BEGIN The data
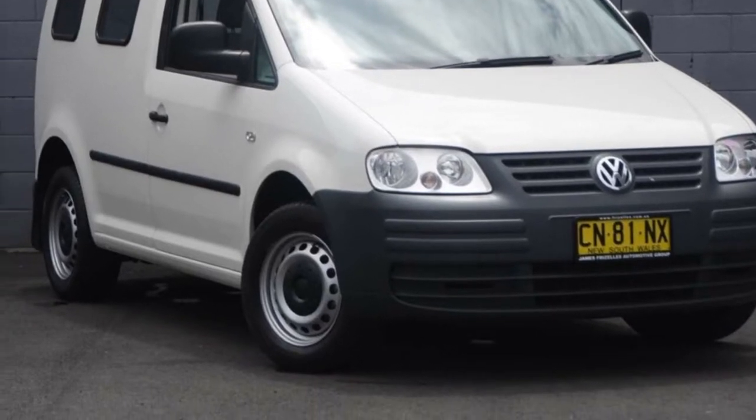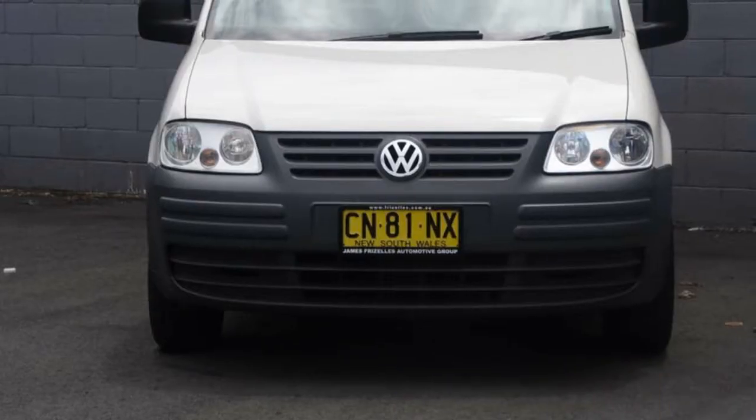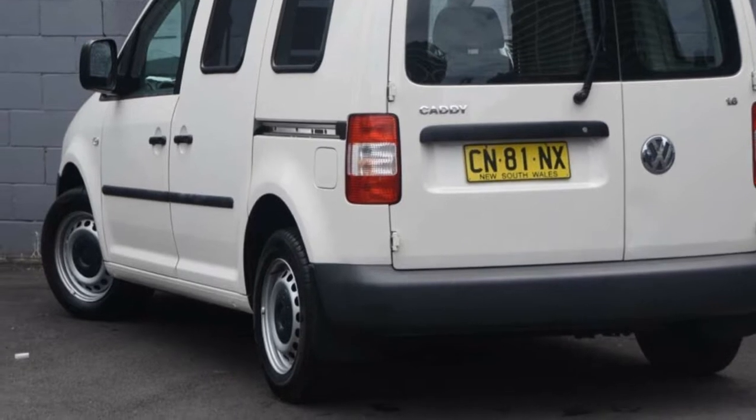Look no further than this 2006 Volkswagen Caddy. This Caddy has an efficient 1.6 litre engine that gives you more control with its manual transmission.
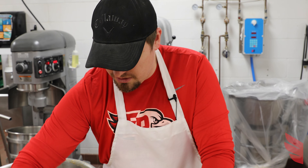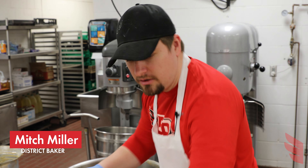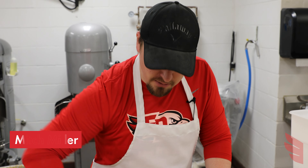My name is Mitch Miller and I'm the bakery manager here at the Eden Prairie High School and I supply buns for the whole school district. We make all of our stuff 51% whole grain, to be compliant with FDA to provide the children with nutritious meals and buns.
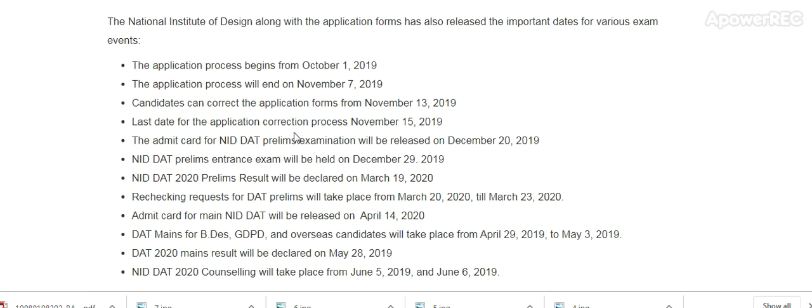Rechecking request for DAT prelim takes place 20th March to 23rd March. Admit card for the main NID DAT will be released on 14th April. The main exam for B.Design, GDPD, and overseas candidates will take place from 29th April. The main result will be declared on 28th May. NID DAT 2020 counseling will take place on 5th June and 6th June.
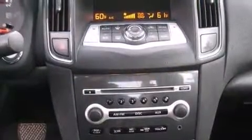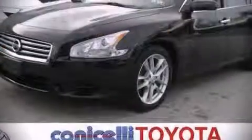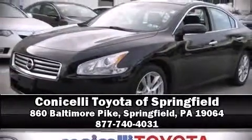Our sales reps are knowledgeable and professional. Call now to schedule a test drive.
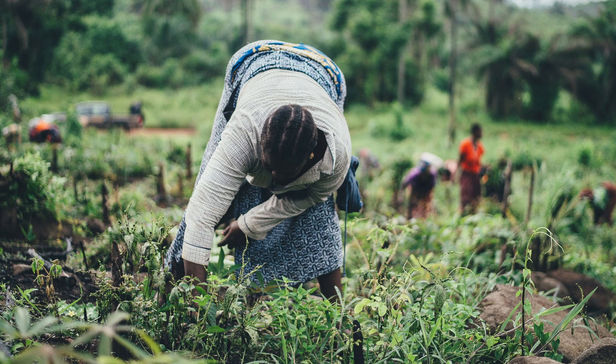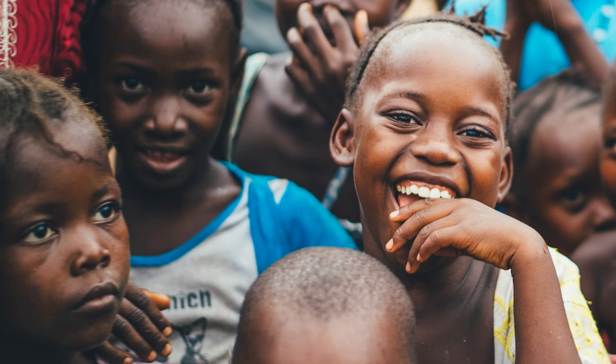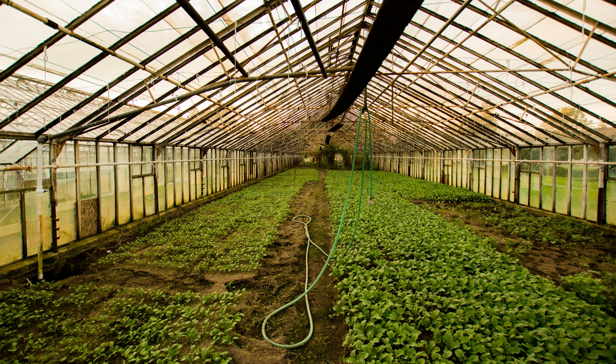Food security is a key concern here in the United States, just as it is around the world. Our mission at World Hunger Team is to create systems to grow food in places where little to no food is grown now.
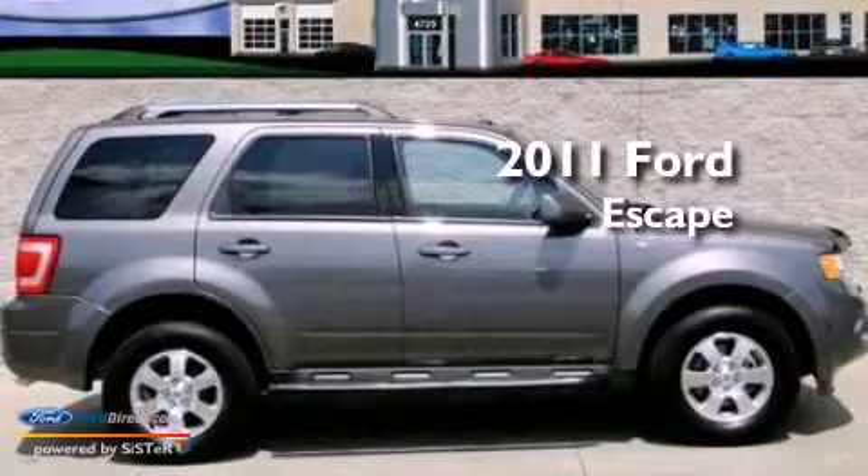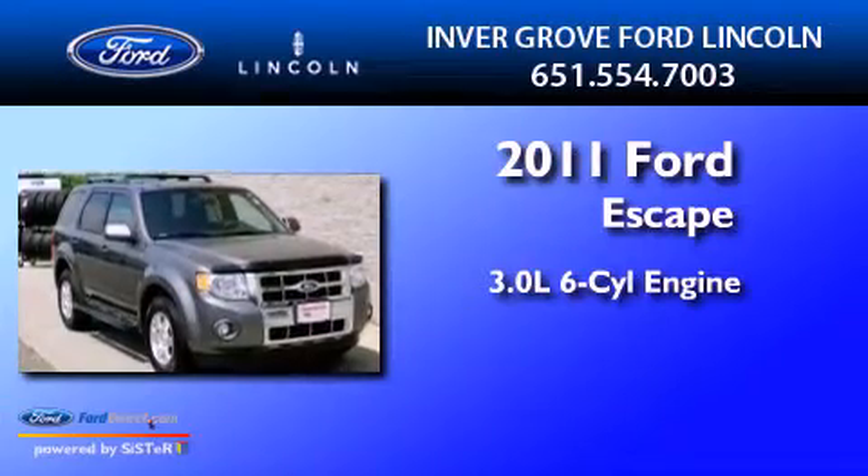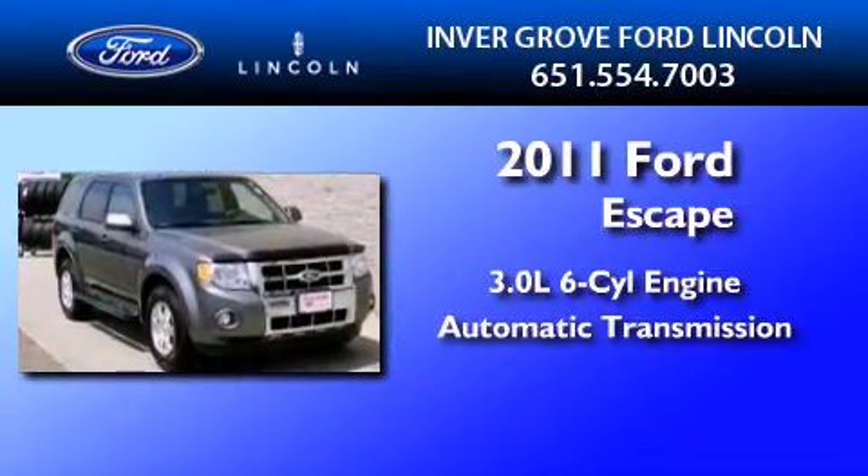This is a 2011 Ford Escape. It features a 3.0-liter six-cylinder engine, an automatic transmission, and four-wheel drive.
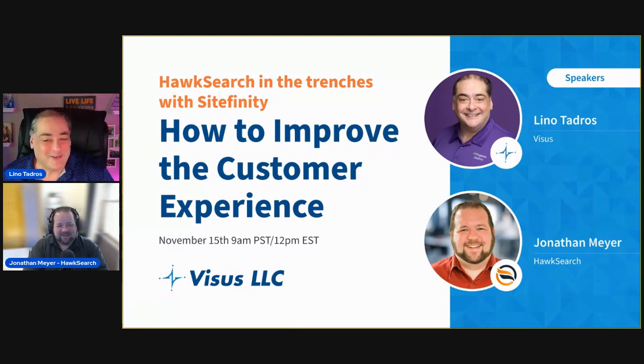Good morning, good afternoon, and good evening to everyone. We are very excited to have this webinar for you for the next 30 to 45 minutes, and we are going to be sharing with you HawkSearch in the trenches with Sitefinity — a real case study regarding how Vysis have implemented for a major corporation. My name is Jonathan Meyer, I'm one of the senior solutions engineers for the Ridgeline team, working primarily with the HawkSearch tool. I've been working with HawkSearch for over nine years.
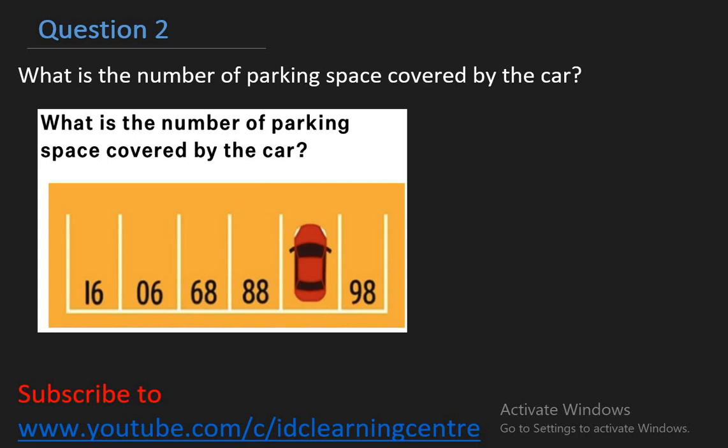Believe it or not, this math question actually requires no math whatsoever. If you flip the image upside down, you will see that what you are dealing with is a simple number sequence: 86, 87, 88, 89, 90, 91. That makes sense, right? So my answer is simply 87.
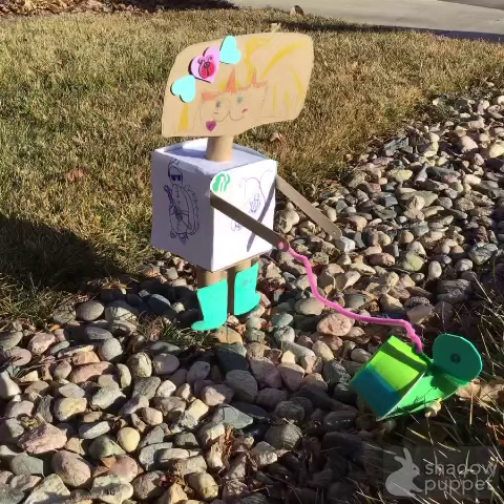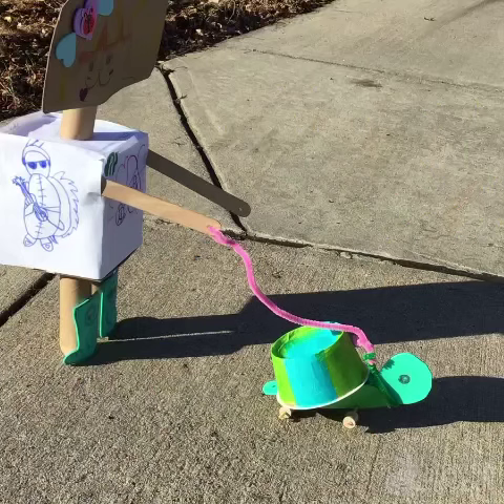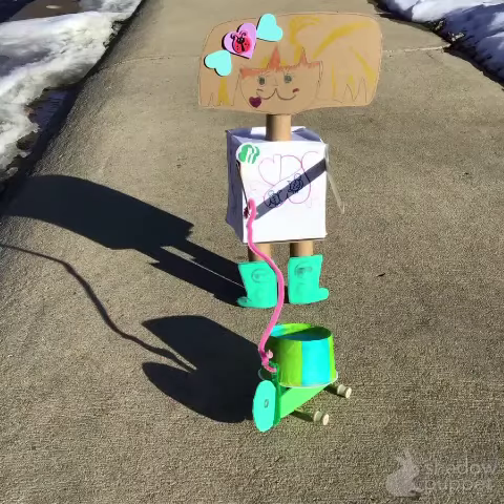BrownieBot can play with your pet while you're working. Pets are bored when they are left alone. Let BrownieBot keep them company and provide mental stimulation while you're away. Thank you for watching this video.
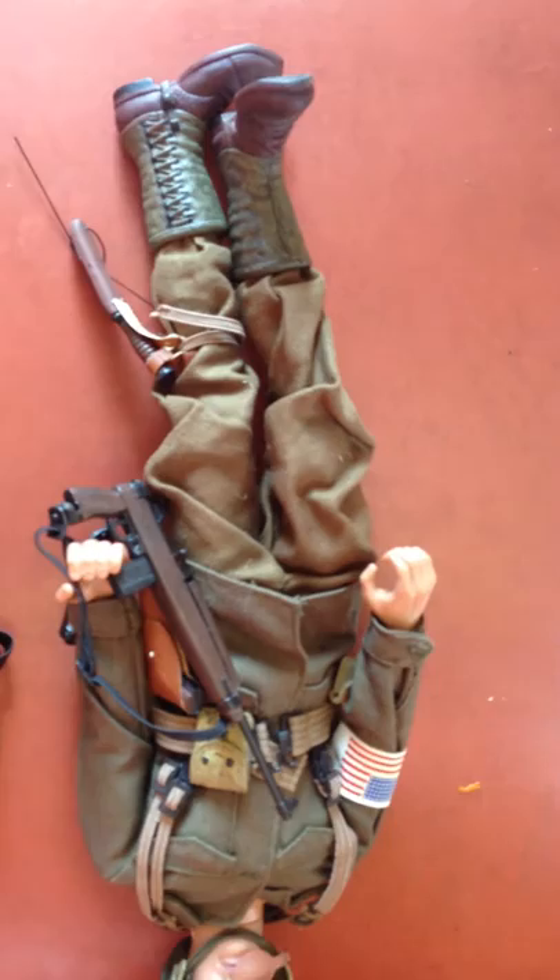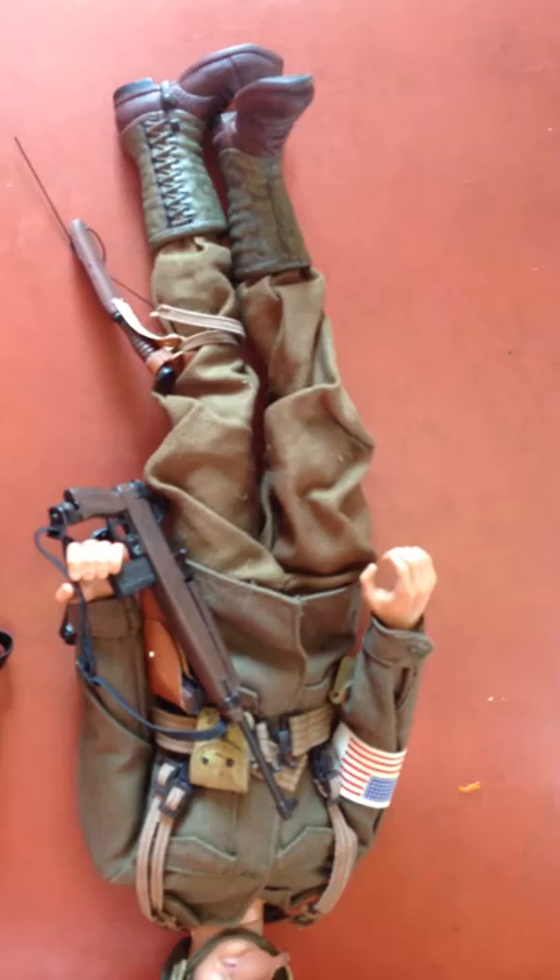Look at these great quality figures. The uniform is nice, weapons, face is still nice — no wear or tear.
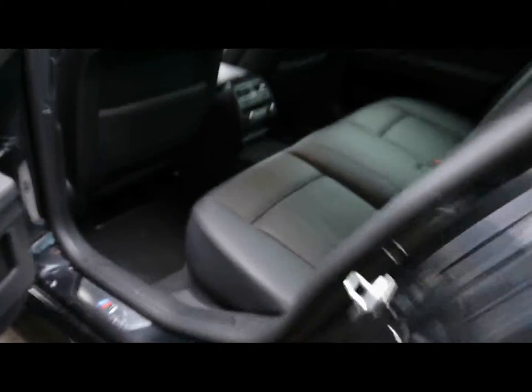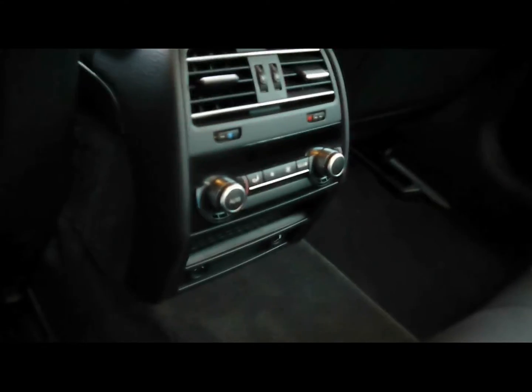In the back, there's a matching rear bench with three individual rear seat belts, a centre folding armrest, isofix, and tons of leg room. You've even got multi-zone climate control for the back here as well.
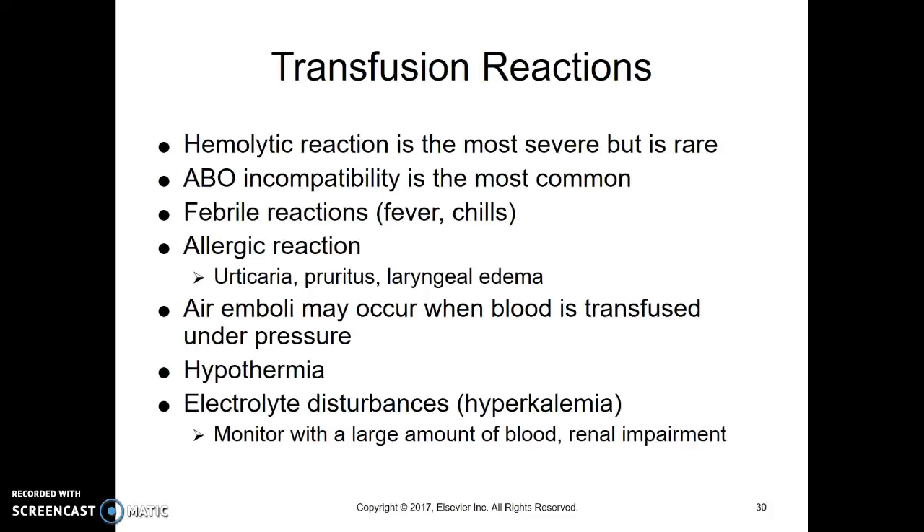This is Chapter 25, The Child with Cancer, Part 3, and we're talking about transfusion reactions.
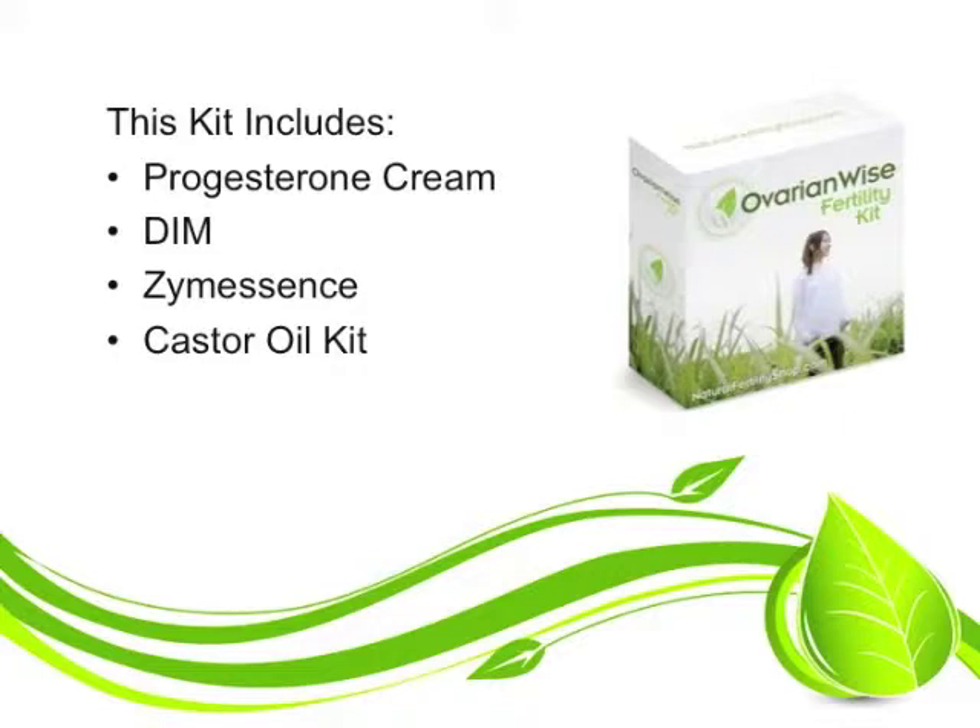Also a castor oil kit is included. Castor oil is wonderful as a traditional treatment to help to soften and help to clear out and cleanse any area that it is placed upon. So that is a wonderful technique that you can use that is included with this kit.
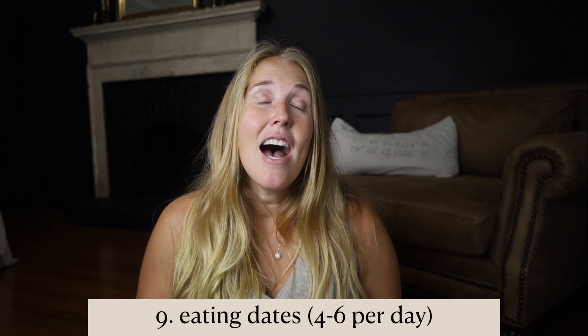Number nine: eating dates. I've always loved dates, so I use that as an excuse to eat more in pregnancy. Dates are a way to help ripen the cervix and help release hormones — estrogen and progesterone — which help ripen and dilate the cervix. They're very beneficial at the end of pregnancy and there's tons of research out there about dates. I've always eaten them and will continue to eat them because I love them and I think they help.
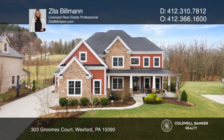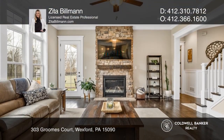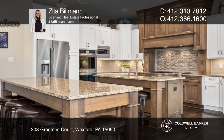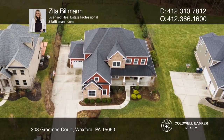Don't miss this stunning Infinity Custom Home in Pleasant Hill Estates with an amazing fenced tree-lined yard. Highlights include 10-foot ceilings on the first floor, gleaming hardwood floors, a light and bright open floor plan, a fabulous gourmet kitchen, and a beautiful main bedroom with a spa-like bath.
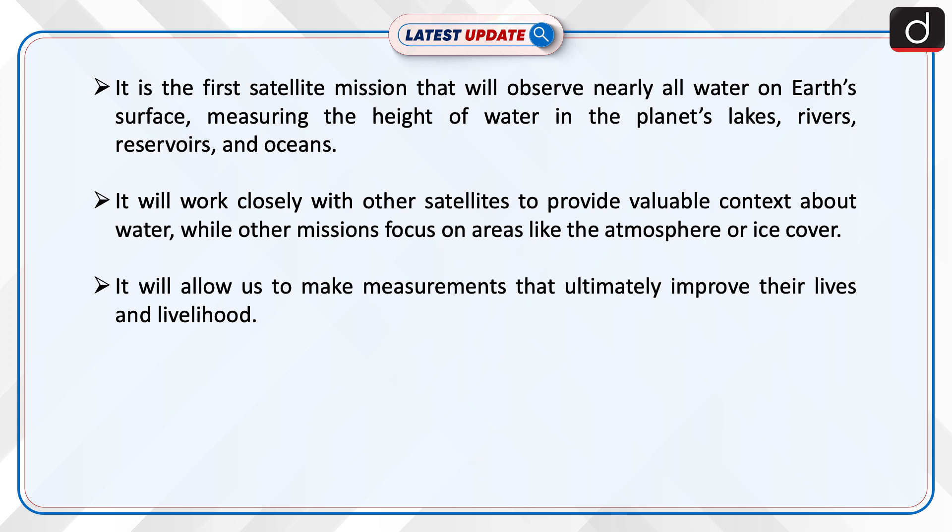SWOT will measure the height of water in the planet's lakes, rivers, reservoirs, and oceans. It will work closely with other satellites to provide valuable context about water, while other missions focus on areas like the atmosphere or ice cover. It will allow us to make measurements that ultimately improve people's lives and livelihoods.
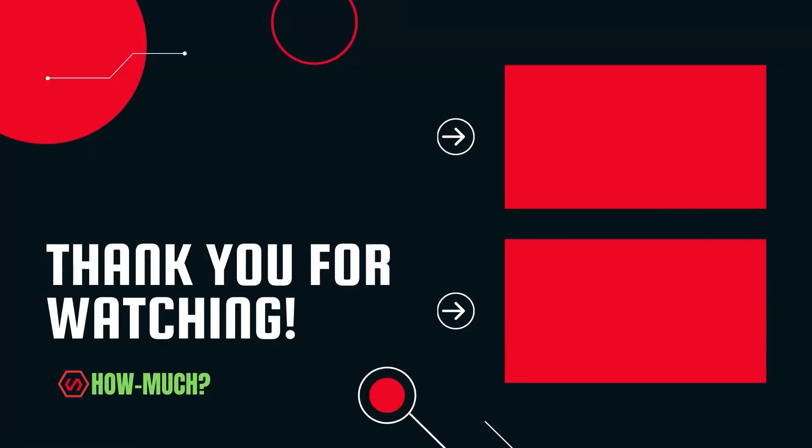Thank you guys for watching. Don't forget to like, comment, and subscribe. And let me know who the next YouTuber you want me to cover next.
END The data
What is expected: Your answer must be an exact copy of every entry, with no pictures in it.

Solution below:
Look no further than this 2006 Volkswagen Caddy. This Caddy has an efficient 1.6 litre engine that gives you more control with its manual transmission.
My name is Mitch Miller and I'm the bakery manager here at the Eden Prairie High School and I supply buns for the whole school district. We make all of our stuff 51% whole grain, to be compliant with FDA to provide the children with nutritious meals and buns.
Rechecking request for DAT prelim takes place 20th March to 23rd March. Admit card for the main NID DAT will be released on 14th April. The main exam for B.Design, GDPD, and overseas candidates will take place from 29th April. The main result will be declared on 28th May. NID DAT 2020 counseling will take place on 5th June and 6th June.
Our sales reps are knowledgeable and professional. Call now to schedule a test drive.
Food security is a key concern here in the United States, just as it is around the world. Our mission at World Hunger Team is to create systems to grow food in places where little to no food is grown now.
This is a 2011 Ford Escape. It features a 3.0-liter six-cylinder engine, an automatic transmission, and four-wheel drive.
Good morning, good afternoon, and good evening to everyone. We are very excited to have this webinar for you for the next 30 to 45 minutes, and we are going to be sharing with you HawkSearch in the trenches with Sitefinity — a real case study regarding how Vysis have implemented for a major corporation. My name is Jonathan Meyer, I'm one of the senior solutions engineers for the Ridgeline team, working primarily with the HawkSearch tool. I've been working with HawkSearch for over nine years.
Believe it or not, this math question actually requires no math whatsoever. If you flip the image upside down, you will see that what you are dealing with is a simple number sequence: 86, 87, 88, 89, 90, 91. That makes sense, right? So my answer is simply 87.
BrownieBot can play with your pet while you're working. Pets are bored when they are left alone. Let BrownieBot keep them company and provide mental stimulation while you're away. Thank you for watching this video.
Look at these great quality figures. The uniform is nice, weapons, face is still nice — no wear or tear.
In the back, there's a matching rear bench with three individual rear seat belts, a centre folding armrest, isofix, and tons of leg room. You've even got multi-zone climate control for the back here as well.
This is Chapter 25, The Child with Cancer, Part 3, and we're talking about transfusion reactions.
Also a castor oil kit is included. Castor oil is wonderful as a traditional treatment to help to soften and help to clear out and cleanse any area that it is placed upon. So that is a wonderful technique that you can use that is included with this kit.
Number nine: eating dates. I've always loved dates, so I use that as an excuse to eat more in pregnancy. Dates are a way to help ripen the cervix and help release hormones — estrogen and progesterone — which help ripen and dilate the cervix. They're very beneficial at the end of pregnancy and there's tons of research out there about dates. I've always eaten them and will continue to eat them because I love them and I think they help.
Don't miss this stunning Infinity Custom Home in Pleasant Hill Estates with an amazing fenced tree-lined yard. Highlights include 10-foot ceilings on the first floor, gleaming hardwood floors, a light and bright open floor plan, a fabulous gourmet kitchen, and a beautiful main bedroom with a spa-like bath.
SWOT will measure the height of water in the planet's lakes, rivers, reservoirs, and oceans. It will work closely with other satellites to provide valuable context about water, while other missions focus on areas like the atmosphere or ice cover. It will allow us to make measurements that ultimately improve people's lives and livelihoods.
Thank you guys for watching. Don't forget to like, comment, and subscribe. And let me know who the next YouTuber you want me to cover next.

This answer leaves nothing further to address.